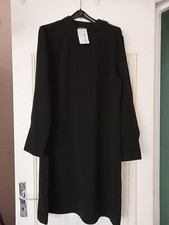 Camaïeu robe noire d'occasion  Salbris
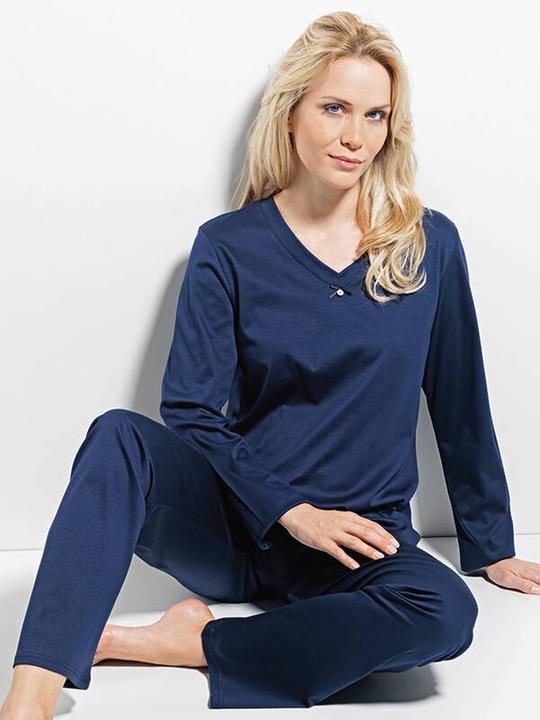 Produktbild ISA Bodywear Pyjama lang (S)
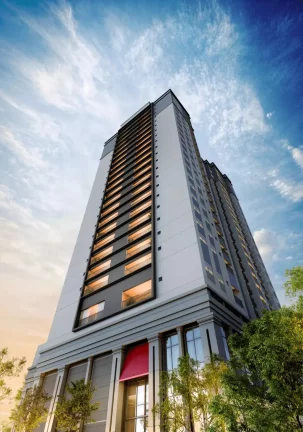 Foto do imóvel PALAZZO MOOCA - CYRELA - Apto de 75m², em ótima localização, próximo ao Mooca Plaza Shopping!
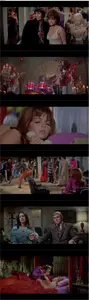 Beyond the Valley of the Dolls (1970) [The Criterion Collection]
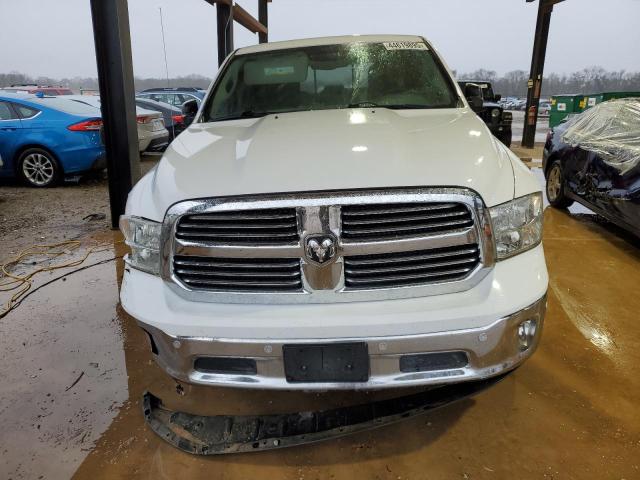 2017 RAM 1500 SLT - 1C6RR7LT2HS511017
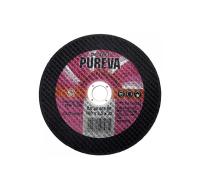 Круг отрезной по стали 150х1,6х22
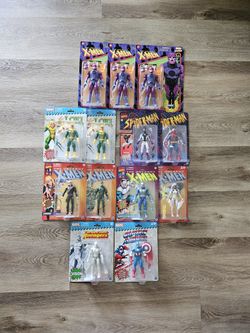 Marvel Legends 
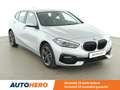 BMW 118 118i Sport Line Zilver - thumbnail 28
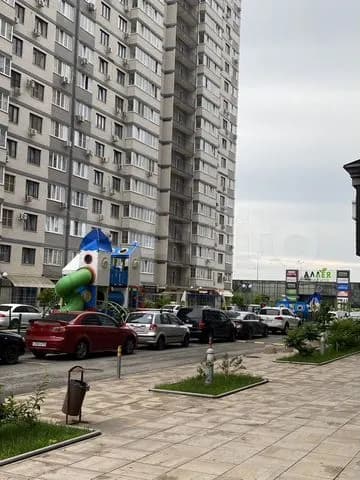 Продается 1-комн. квартира, 24.5 м² — фото 3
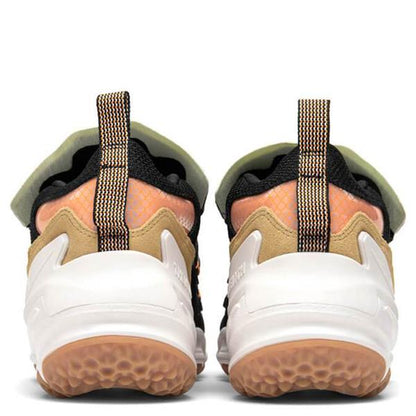 Zoom MOC - Black/Phantom/Club Gold/Bright Ceramic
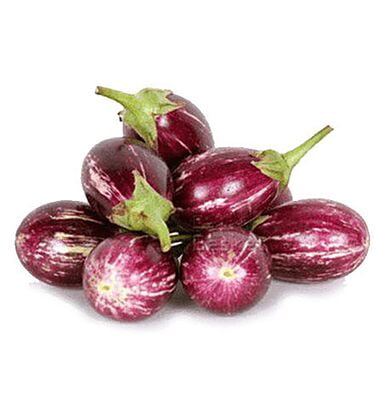 Kateri Brinjal (Kathirikai Vari)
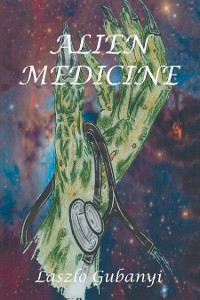 Cover Alien Medicine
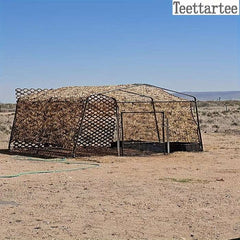 Camouflage Netting - Versatile Outdoor Shade And Concealment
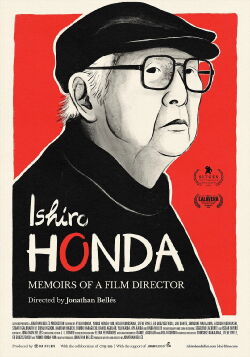 Ishiro Honda. Memorias de un director (2024)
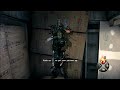 Army of Two: The 40th Day (2010) - Good Morality Walkthrough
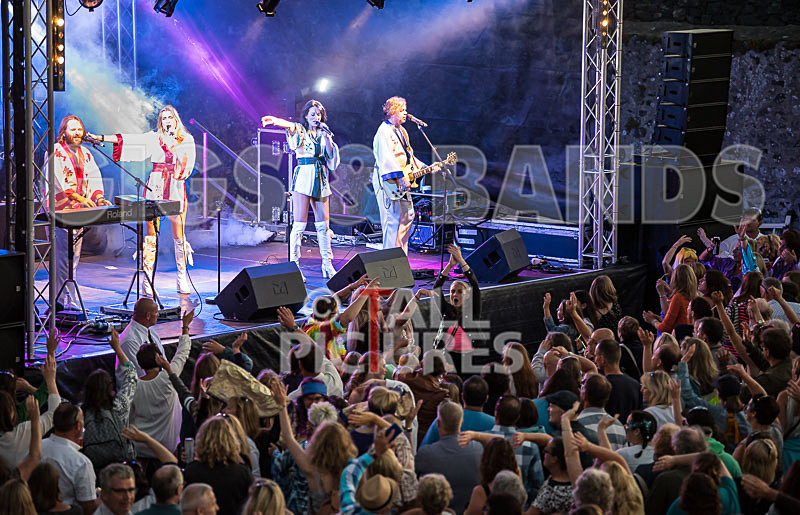 Bjorn Again-41 - BJORN AGAIN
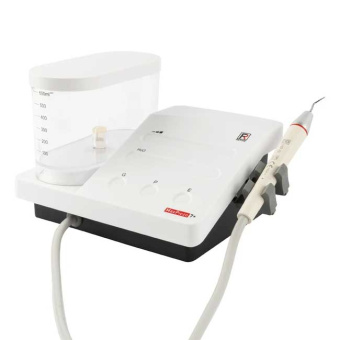 MaxPiezo7 Plus - многофункциональный портативный ультразвуковой скалер с подсветкой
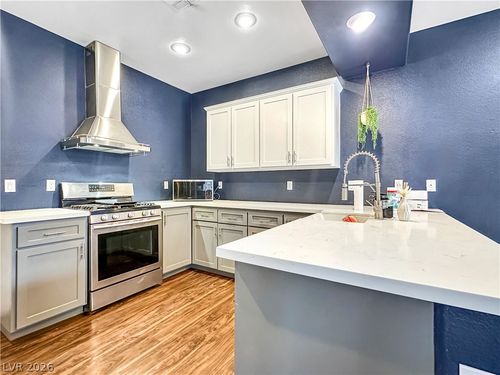 5719 Ancient Agora St, North Las Vegas, NV, 89031-3437 | Card Image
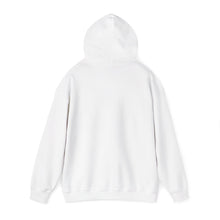 Load image into Gallery viewer, My Heart Is On That Track Unisex Heavy Blend™ Hooded Sweatshirt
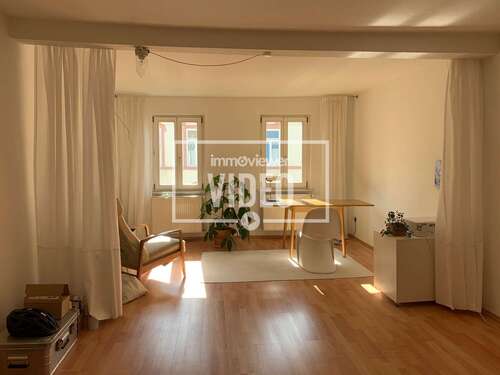 Foto - Wohnung zum Mieten in offenbach 1.200,00 € 100 m²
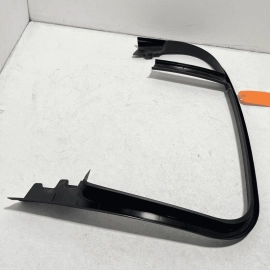 2017-2020 JAGUAR XE REAR RIGHT SIDE DOOR WINDOW FRAME TRIM COVER MOLDING OE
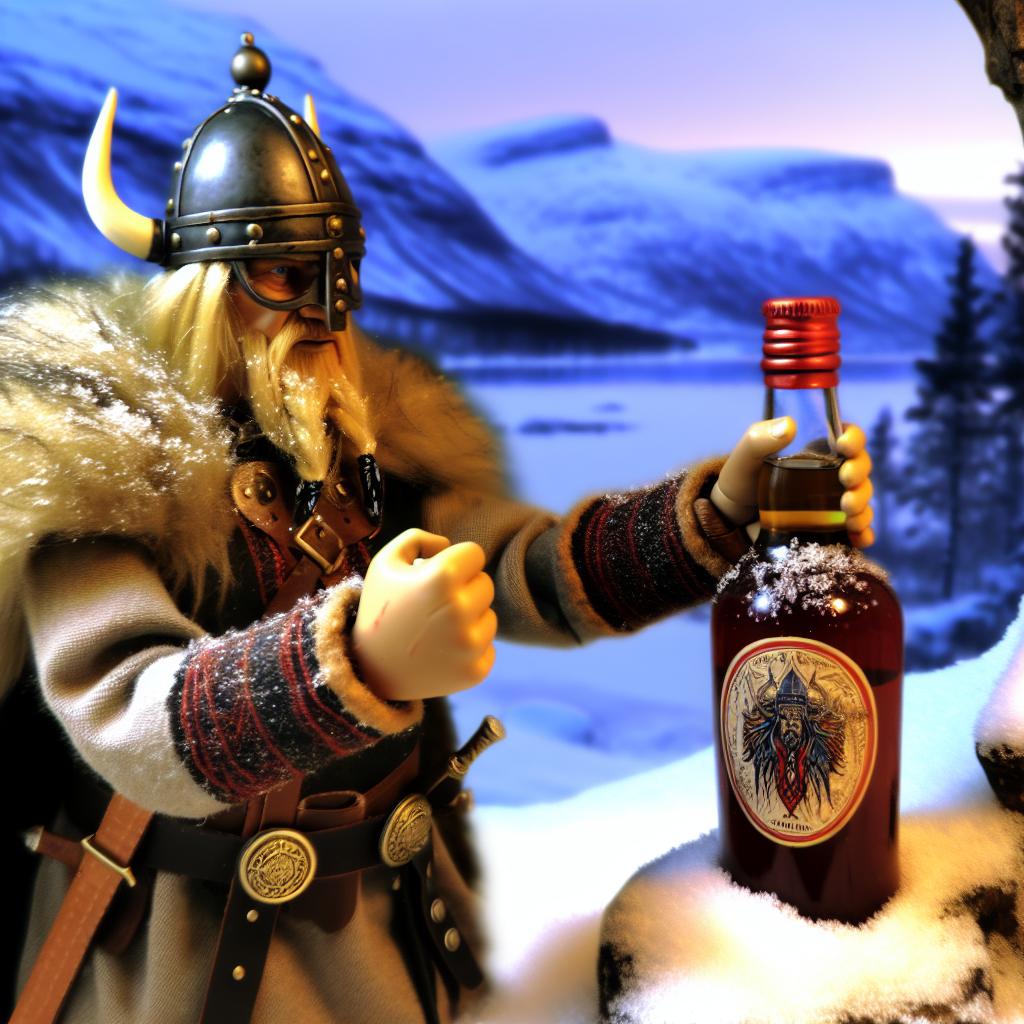 Découvrez comment obtenir hydromel Assassin's Creed Valhalla aisément grâce à ce guide pratique et détaillé. L'hydromel, cet élixir traditionnel viking fabriqué à base de miel, joue un rôle central dans l'expérience immersive de ce célèbre jeu vidéo. Vous comprendrez mieux l'importance de cette boisson dans l'univers d'Assassin's Creed Valhalla et comment elle impacte votre progression. Pour prolonger votre plongée dans les traditions anciennes des boissons à base de miel, poursuivez votre exploration sur notre page dédiée : sélection d'articles passionnants sur l'hydromel et ses variétés historiques.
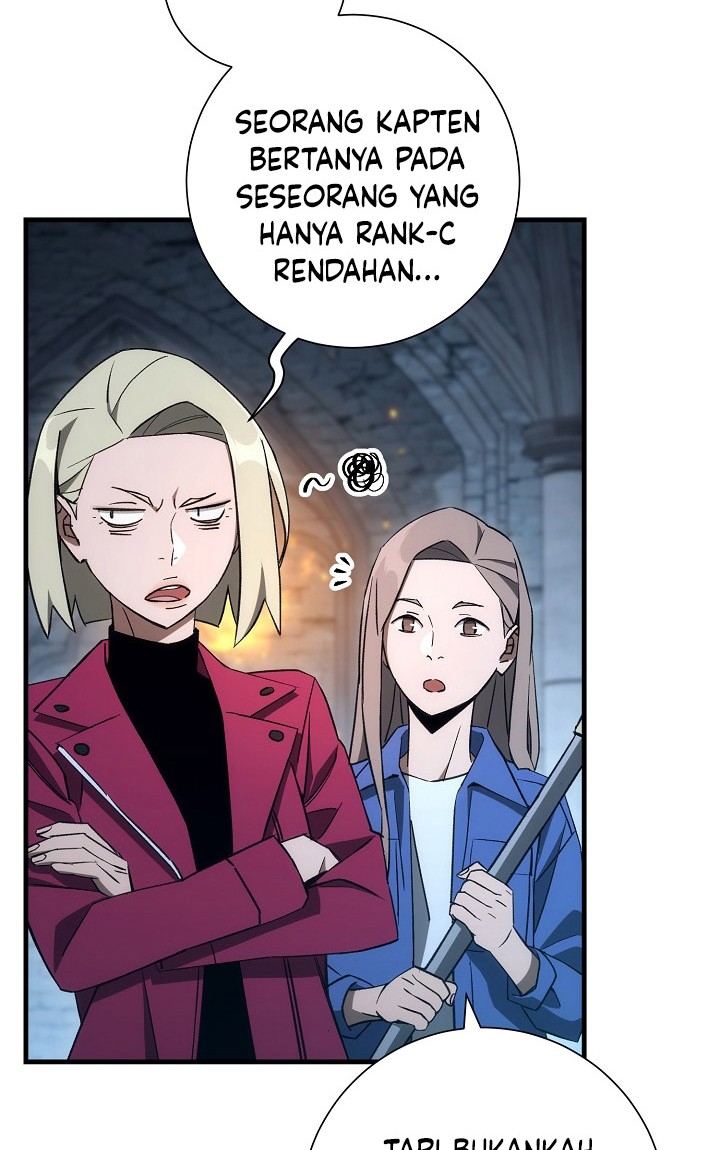 The Hero Returns Chapter 18 - halaman 47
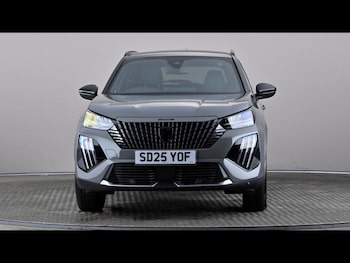 Used Peugeot 2008 2025 for sale - 79217473: Photo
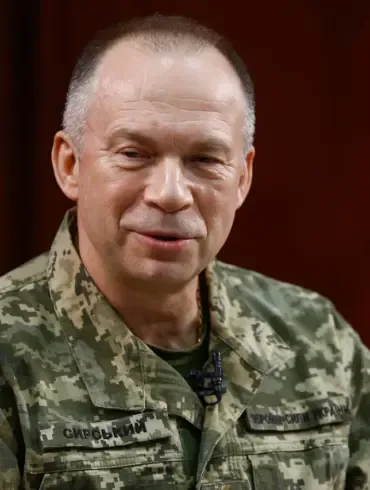 Ukrainian Military's Formal Investigation into Civilian Clash Sparks Public Concern Over Command Regulations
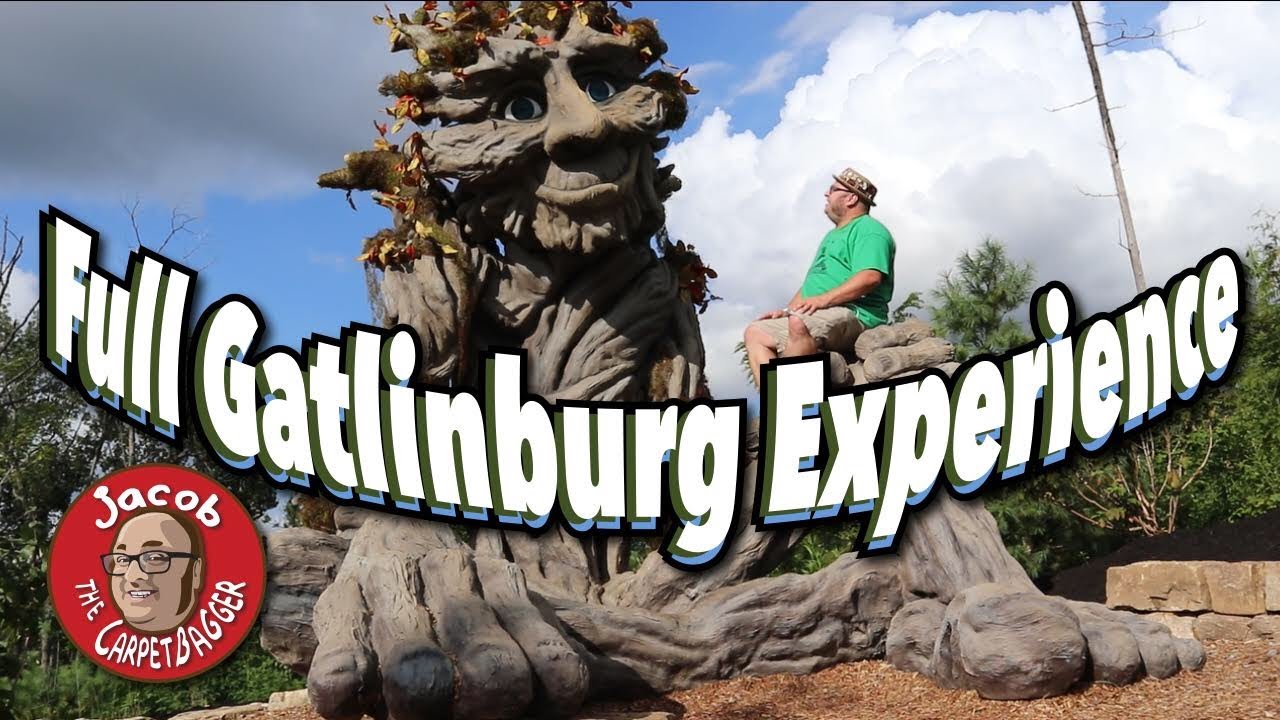 Full Gatlinburg Experience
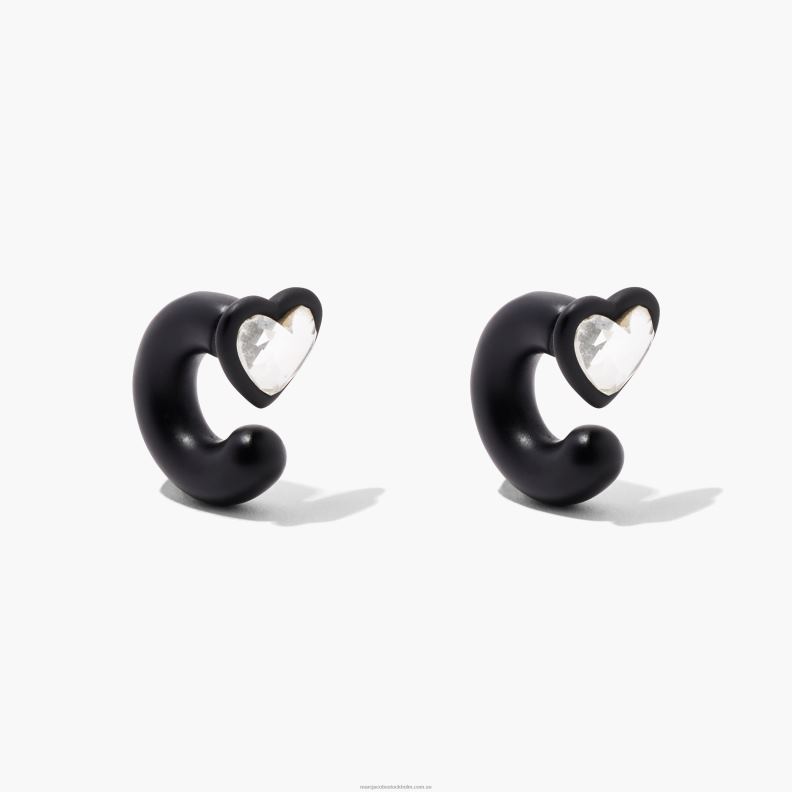 JLX82444 Marc Jacobs de charmade hjärtbågarna dtm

• _Required action_
The line containing "Zoom MOC - Black/Phantom/Club" marks the end: copy exactly every line from the start of the records up to and including it, leaving out the pictures.

• _Result of this task_
 Camaïeu robe noire d'occasion  Salbris
 Produktbild ISA Bodywear Pyjama lang (S)
 Foto do imóvel PALAZZO MOOCA - CYRELA - Apto de 75m², em ótima localização, próximo ao Mooca Plaza Shopping!
 Beyond the Valley of the Dolls (1970) [The Criterion Collection]
 2017 RAM 1500 SLT - 1C6RR7LT2HS511017
 Круг отрезной по стали 150х1,6х22
 Marvel Legends 
 BMW 118 118i Sport Line Zilver - thumbnail 28
 Продается 1-комн. квартира, 24.5 м² — фото 3
 Zoom MOC - Black/Phantom/Club Gold/Bright Ceramic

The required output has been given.